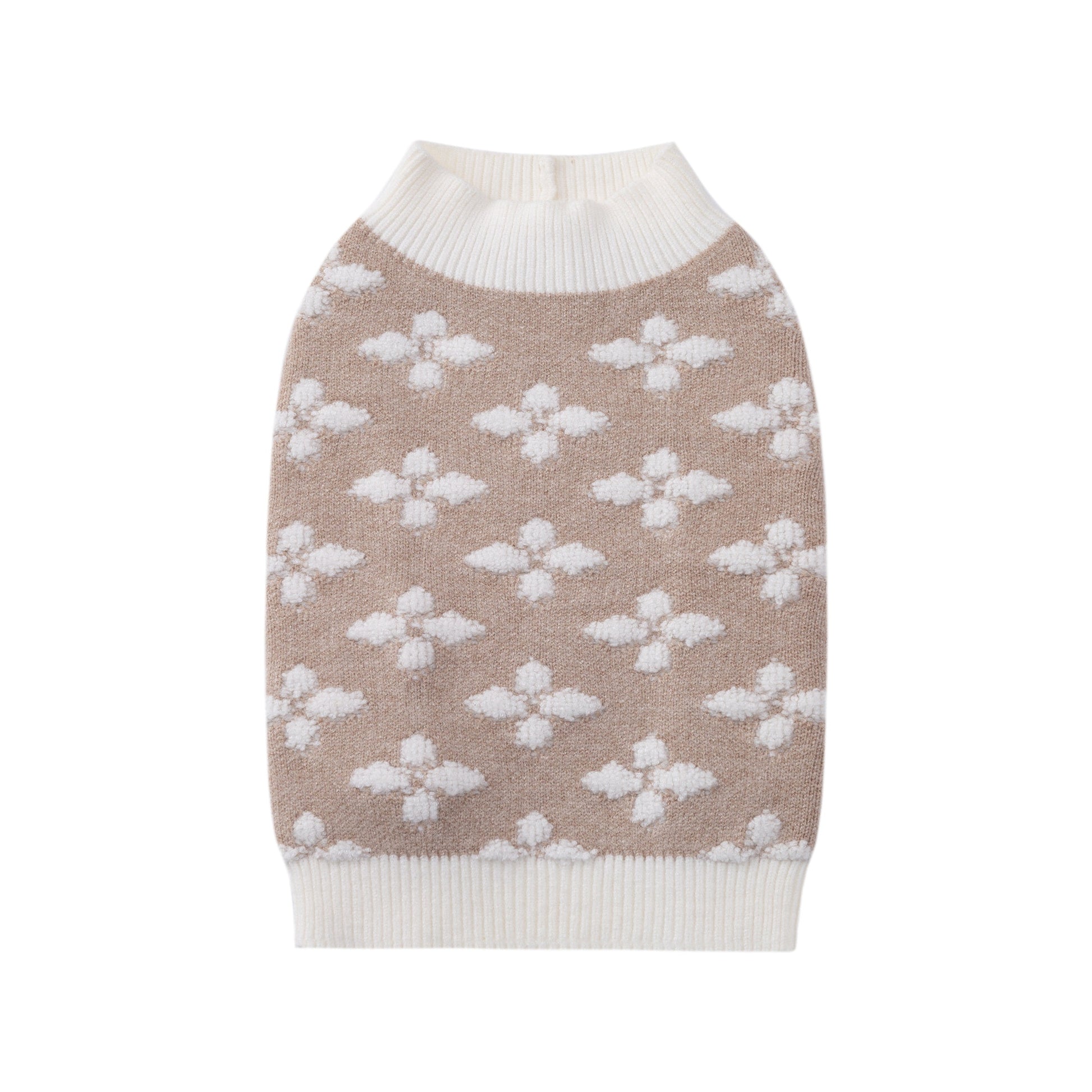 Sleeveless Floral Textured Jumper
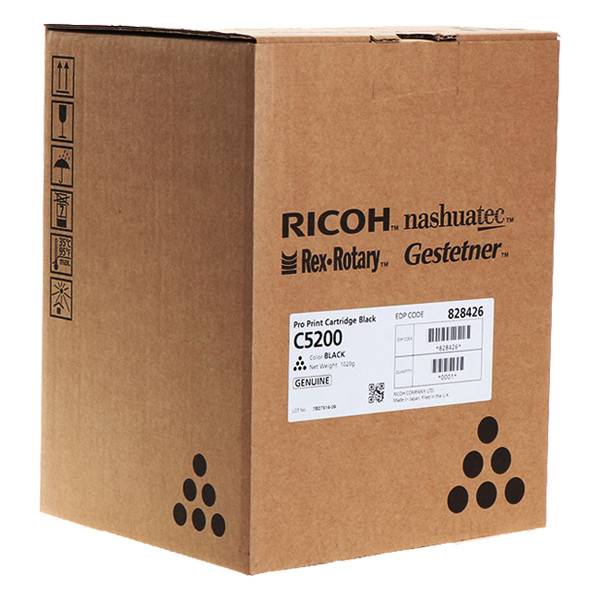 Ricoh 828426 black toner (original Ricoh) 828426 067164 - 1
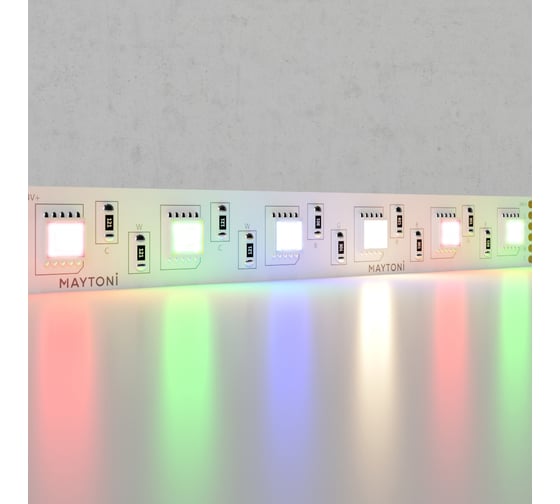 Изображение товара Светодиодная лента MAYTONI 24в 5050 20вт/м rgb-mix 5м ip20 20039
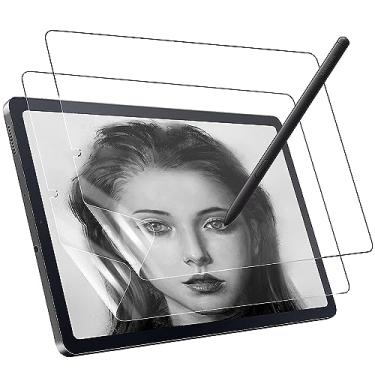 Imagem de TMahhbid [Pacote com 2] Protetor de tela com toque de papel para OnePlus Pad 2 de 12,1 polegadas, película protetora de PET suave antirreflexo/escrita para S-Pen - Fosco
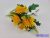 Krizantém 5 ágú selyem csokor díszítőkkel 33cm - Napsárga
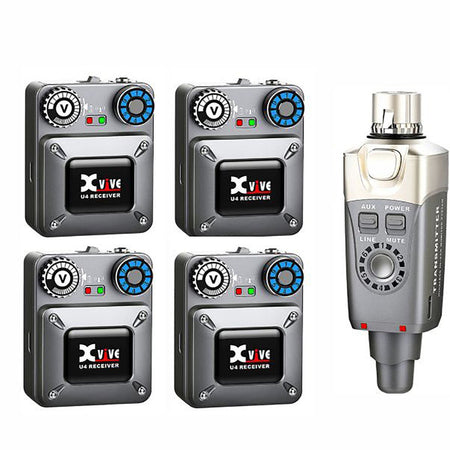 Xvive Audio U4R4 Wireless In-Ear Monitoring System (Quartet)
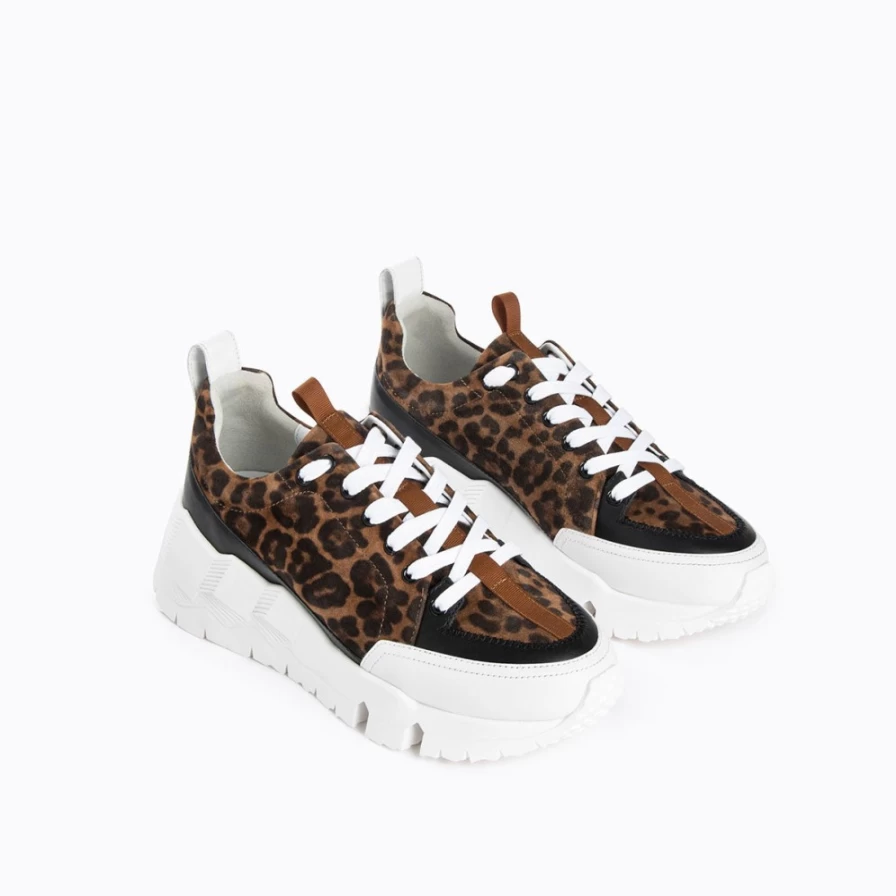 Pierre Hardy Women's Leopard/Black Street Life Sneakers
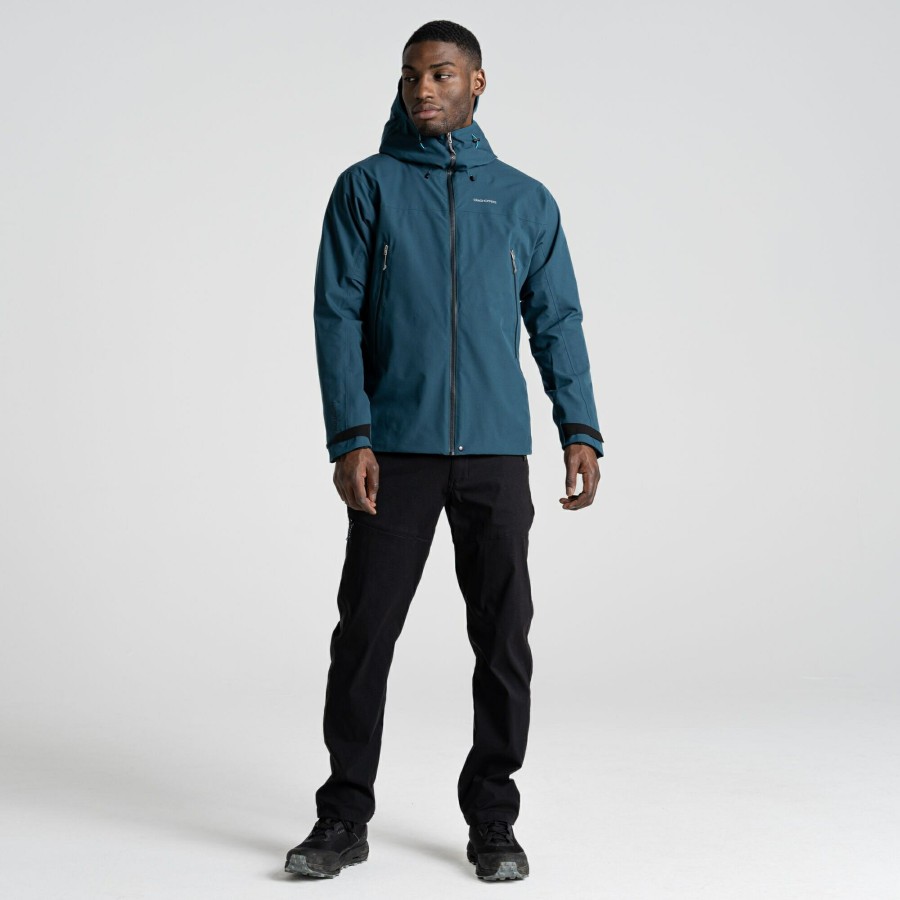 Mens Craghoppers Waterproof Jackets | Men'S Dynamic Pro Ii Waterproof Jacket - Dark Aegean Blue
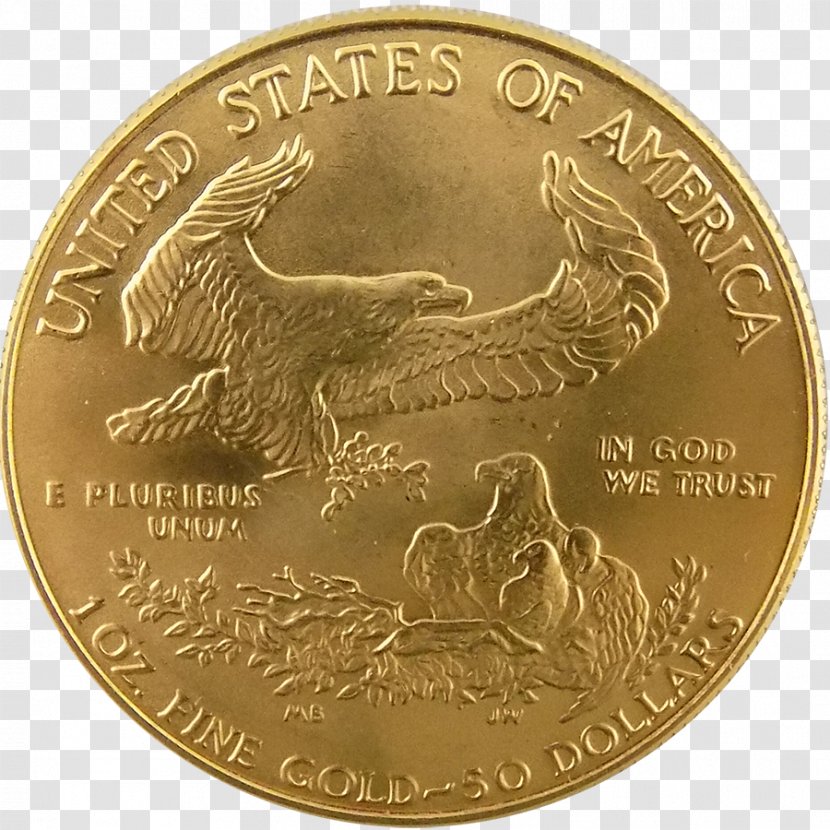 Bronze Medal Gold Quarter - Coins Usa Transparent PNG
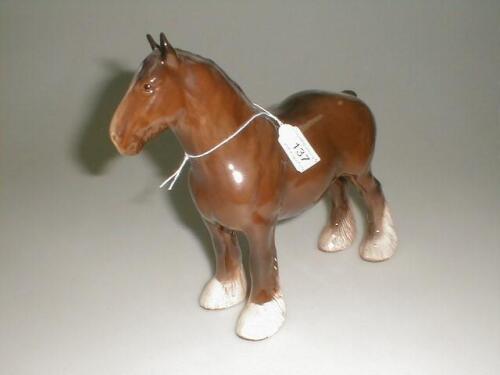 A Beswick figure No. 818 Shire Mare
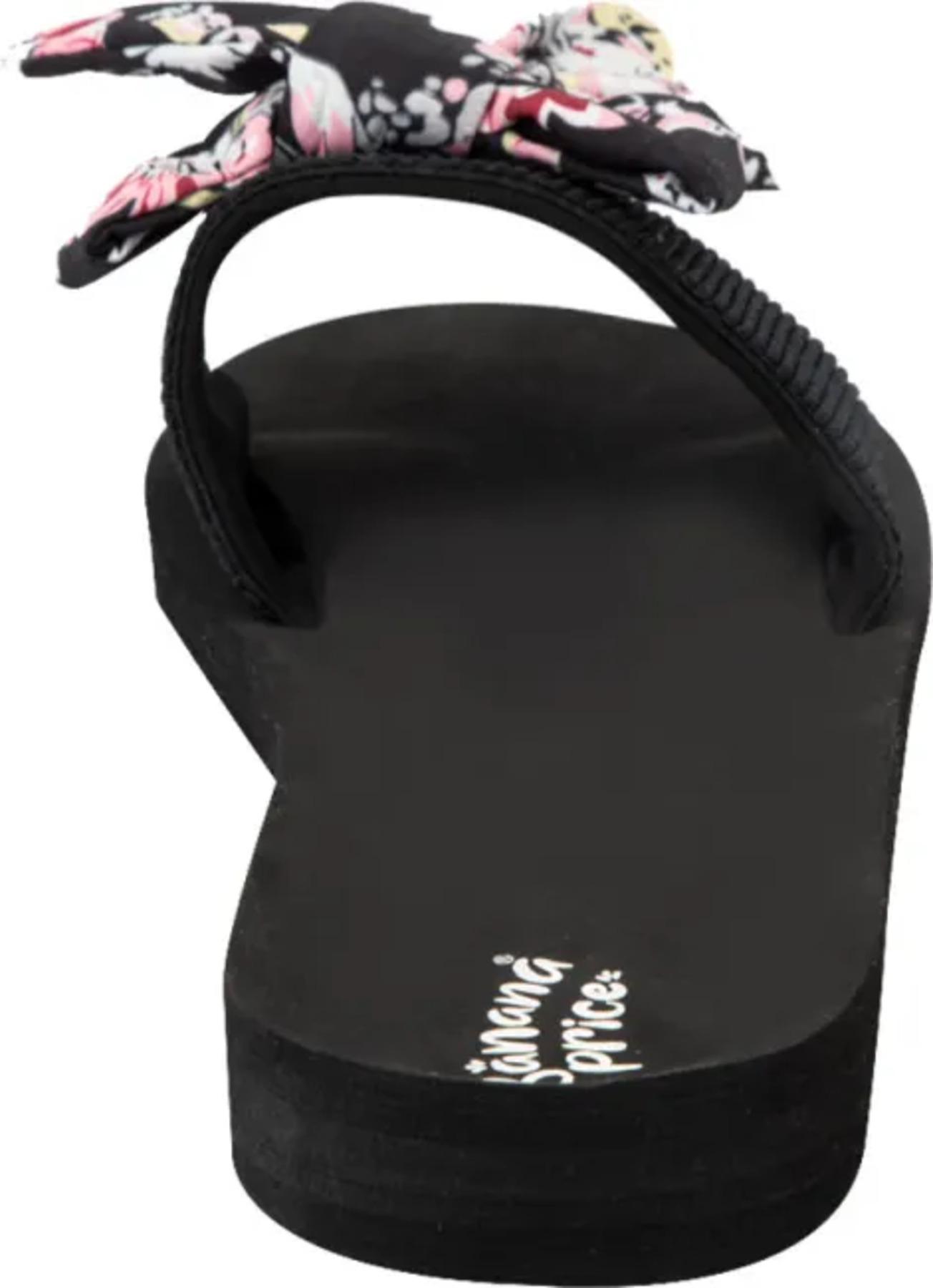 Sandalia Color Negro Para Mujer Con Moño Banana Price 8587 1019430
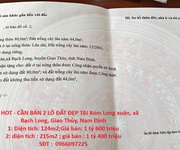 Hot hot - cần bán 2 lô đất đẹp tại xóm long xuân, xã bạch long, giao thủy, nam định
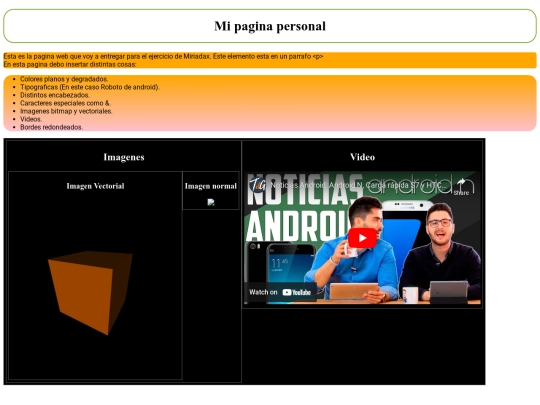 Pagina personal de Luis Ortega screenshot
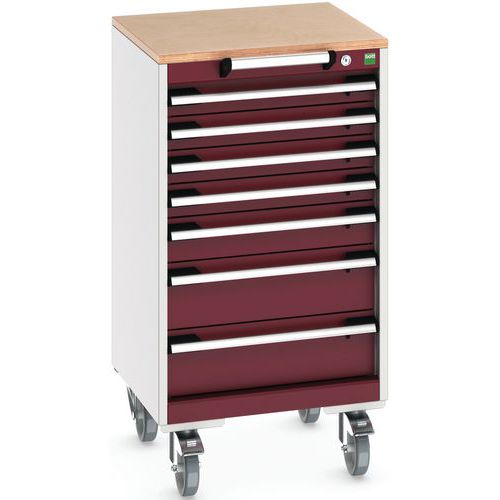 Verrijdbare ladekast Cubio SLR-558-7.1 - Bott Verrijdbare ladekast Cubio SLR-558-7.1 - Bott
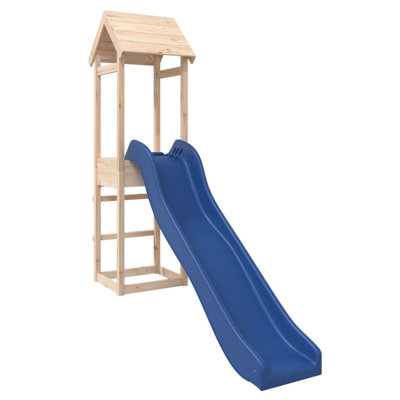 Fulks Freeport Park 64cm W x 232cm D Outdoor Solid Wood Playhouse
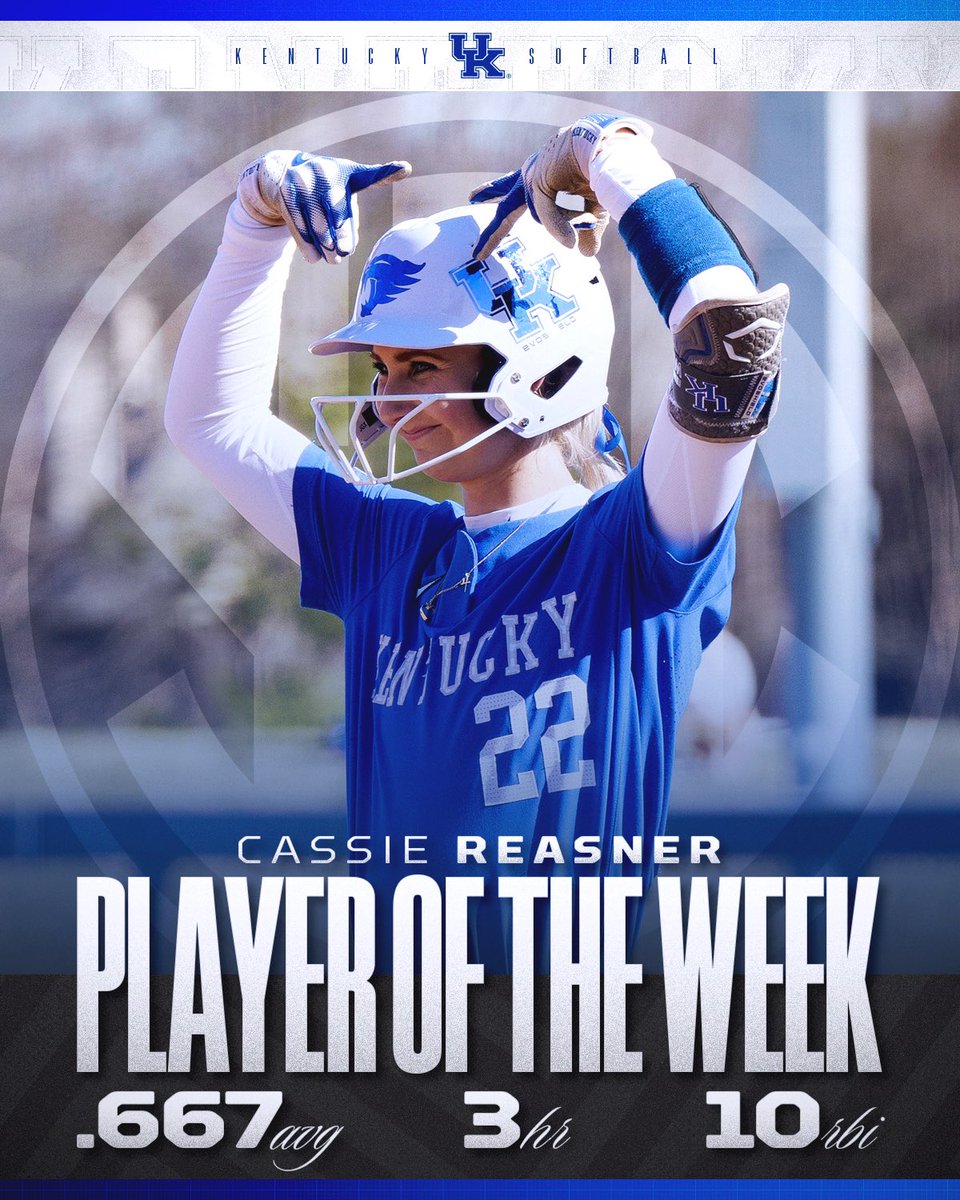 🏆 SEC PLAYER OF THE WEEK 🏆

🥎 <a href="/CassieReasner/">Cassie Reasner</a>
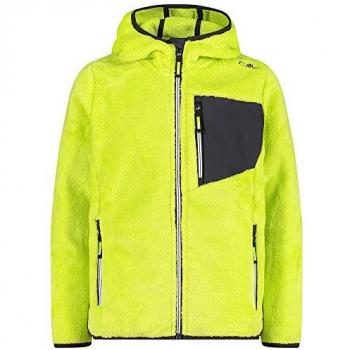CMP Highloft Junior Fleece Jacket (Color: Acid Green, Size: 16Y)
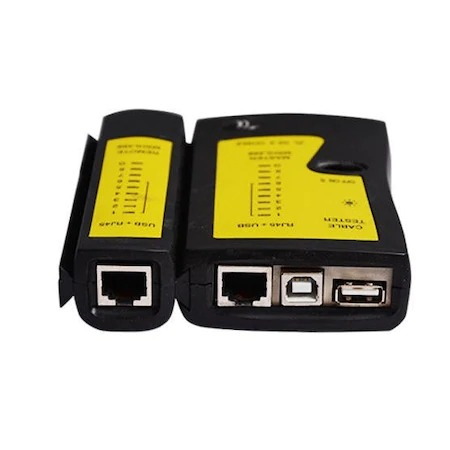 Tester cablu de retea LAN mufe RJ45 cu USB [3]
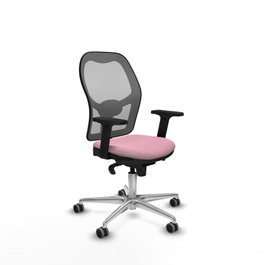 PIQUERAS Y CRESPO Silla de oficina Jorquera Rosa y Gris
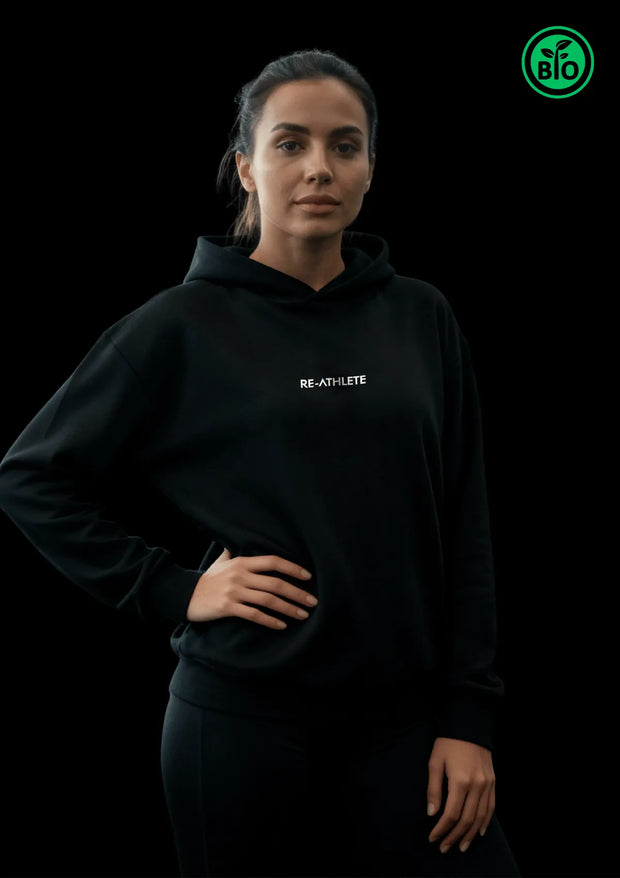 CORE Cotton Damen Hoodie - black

********

**Exercise requirements:** Beginning with the line containing "Bronze Medal Gold" and ending with the last line of the data, output those lines exactly and nothing more. Omit every picture.

**Answer to the problem:**
 Bronze Medal Gold Quarter - Coins Usa Transparent PNG
 A Beswick figure No. 818 Shire Mare
 Sandalia Color Negro Para Mujer Con Moño Banana Price 8587 1019430
 Hot hot - cần bán 2 lô đất đẹp tại xóm long xuân, xã bạch long, giao thủy, nam định
 Pagina personal de Luis Ortega screenshot
 Verrijdbare ladekast Cubio SLR-558-7.1 - Bott Verrijdbare ladekast Cubio SLR-558-7.1 - Bott
 Fulks Freeport Park 64cm W x 232cm D Outdoor Solid Wood Playhouse
 🏆 SEC PLAYER OF THE WEEK 🏆

🥎 <a href="/CassieReasner/">Cassie Reasner</a>
CMP Highloft Junior Fleece Jacket (Color: Acid Green, Size: 16Y)
 Tester cablu de retea LAN mufe RJ45 cu USB [3]
 PIQUERAS Y CRESPO Silla de oficina Jorquera Rosa y Gris
 CORE Cotton Damen Hoodie - black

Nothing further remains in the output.